### How to complete this task
The required result is each line of the entries below containing the string "living".

Dataset records
•••••

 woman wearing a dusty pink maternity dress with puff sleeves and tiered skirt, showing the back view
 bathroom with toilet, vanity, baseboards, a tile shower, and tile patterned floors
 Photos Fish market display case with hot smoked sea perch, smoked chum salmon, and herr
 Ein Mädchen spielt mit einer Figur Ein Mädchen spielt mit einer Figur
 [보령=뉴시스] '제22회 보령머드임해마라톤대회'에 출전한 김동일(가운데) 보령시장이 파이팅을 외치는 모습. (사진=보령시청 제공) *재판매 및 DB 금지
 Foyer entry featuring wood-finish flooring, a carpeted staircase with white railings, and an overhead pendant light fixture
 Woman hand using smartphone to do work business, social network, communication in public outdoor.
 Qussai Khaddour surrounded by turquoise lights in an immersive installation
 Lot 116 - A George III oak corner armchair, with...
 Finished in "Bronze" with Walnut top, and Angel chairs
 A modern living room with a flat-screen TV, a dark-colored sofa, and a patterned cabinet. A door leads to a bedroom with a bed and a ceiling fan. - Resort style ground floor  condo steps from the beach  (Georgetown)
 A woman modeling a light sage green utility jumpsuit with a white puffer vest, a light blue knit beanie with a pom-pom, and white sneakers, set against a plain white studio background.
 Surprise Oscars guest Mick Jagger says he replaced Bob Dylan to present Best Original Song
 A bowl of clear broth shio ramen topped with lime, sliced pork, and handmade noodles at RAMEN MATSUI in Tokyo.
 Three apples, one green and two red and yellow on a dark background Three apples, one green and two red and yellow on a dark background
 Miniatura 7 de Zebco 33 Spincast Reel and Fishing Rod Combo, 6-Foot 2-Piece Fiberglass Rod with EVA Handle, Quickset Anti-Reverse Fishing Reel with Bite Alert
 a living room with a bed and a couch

•••••

### The answer
 A modern living room with a flat-screen TV, a dark-colored sofa, and a patterned cabinet. A door leads to a bedroom with a bed and a ceiling fan. - Resort style ground floor  condo steps from the beach  (Georgetown)
 a living room with a bed and a couch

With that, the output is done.